The protagonist of the book is Hope, a woman who cannot be remembered for more than 60 seconds unless you’re in an active conversation with her. She ends up using her “ability” to become a thief and a con-artist, but longs for normal human relationships. She’s doing pretty good with the strict rules she sets for herself, but she makes a mistake when a woman she enjoys spending time with commits suicide.
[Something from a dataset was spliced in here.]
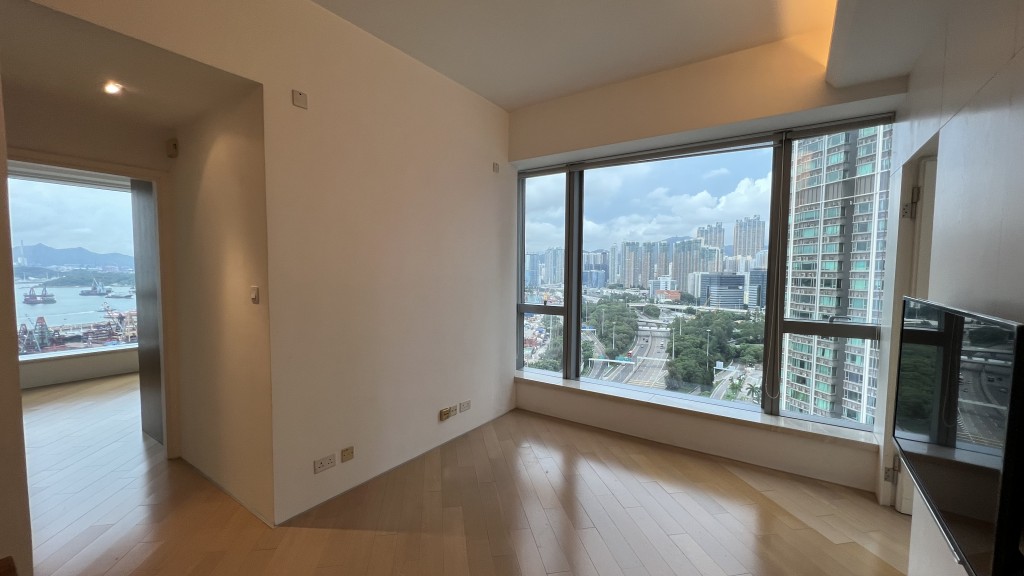 廳房均設有大窗,外望開揚市景及海景。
She steals from people she would ordinarily have avoided, and that has serious consequences – she can’t just count on her abilities to hide her anymore, she has to figure out who she wants to be.
I don’t think I did justice to the book with that summary, it’s also a story about the logical extreme of our culture of conformity and oversharing – the app Perfection which ingests every piece of data about your life and gives you rewards if you fit its definition of what a human should be. Hope is one of the players in this story, and it doesn’t matter that she’s forgettable, except to her own personal arc.
I’m usually skeptical of media that features software or hacking as a major plot point; I’m a software engineer, and books and movies get it so wrong usually. I couldn’t really find fault with The Sudden Appearance of Hope, though – the description of connecting to the “darknet” via Tor, the details of how an app like Perfection would work, etc. It’s not perfect, but it was good enough that it didn’t draw me out of the story because it seemed implausible. I know that doesn’t sound like much, but it’s a huge compliment.
Anyway, I really liked this book. Hope is unique, of course – she is always alone in the most awful of ways, and and pulls you into her worldview with surprising ease. The supporting characters are compelling almost because of the nature of the story, they have to be idealistic enough find ways to interact with Hope in a meaningful way. The book explores lots of interesting ideas about the nature of identity, the dangers (and benefits) of surveillance, and humanity’s inexorable attraction to conformity, while managing to tell both a tight personal story about Hope, and a broader one about the effect of technology on the world.